And then my dad said something to me that will stay with me forever, “Eric, I know what your parents did to you was terrible. I know that it changed you and gave you these problems… but Eric, they aren’t here anymore. You haven’t seen or spoken to them in over ten years. You’re a grown man. You are responsible for fixing the things you don’t like about yourself. It isn’t their fault anymore. You can either choose to let what they did continue to rule your life, or you can realize that you don’t want to be what they made you and you can change yourself.”

“It’s not their fault anymore.” This stuck with me so much. It’s true – things will happen. Sometimes these things will be so impactful that they will change you.

I spent so much time defending and justifying my pain, anger, sadness, and bitterness, and I’m here to tell you that you’re entitled to all of those things. You can have all of those feelings, but I also want to tell you that the world keeps turning. No one is going to argue that you have no right to feel the way you do, but as long as you hold on to them in a way that changes you for the worse, you will likely be unable to maintain meaningful relationships if these traits are pushing people away.
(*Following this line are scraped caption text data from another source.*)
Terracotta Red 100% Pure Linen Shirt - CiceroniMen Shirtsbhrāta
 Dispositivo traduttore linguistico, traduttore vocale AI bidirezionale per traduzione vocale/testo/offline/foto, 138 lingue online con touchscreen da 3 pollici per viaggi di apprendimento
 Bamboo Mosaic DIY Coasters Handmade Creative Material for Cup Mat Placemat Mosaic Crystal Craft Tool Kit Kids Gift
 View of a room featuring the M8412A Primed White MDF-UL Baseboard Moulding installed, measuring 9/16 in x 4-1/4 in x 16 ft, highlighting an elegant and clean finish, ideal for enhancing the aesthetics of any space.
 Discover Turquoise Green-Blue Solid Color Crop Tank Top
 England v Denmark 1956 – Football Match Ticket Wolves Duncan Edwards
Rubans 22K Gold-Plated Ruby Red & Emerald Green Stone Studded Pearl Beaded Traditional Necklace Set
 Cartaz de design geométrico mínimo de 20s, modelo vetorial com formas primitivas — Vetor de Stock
Everyone is dealing with their own stuff, and while they may be sympathetic to you, they may not have the emotional bandwidth to carry your issues along with their own – and really, you shouldn’t expect them to.

So I want to tell you to get over it, not in a dismissive or condescending way, but in the most uplifting sense possible. Get over it for yourself so you can be a person you love and want to be – so you can have relationships with people.

It happened. It hurt. It sucked. But… it happened, and it ended. Don’t continue to give it power. You’re better than that. You’re more than your past wounds. You can acknowledge and accept the pain – you don’t have to forget it – but just don’t let yourself become a product of it.

Don’t let the past make you into someone you don’t want to be.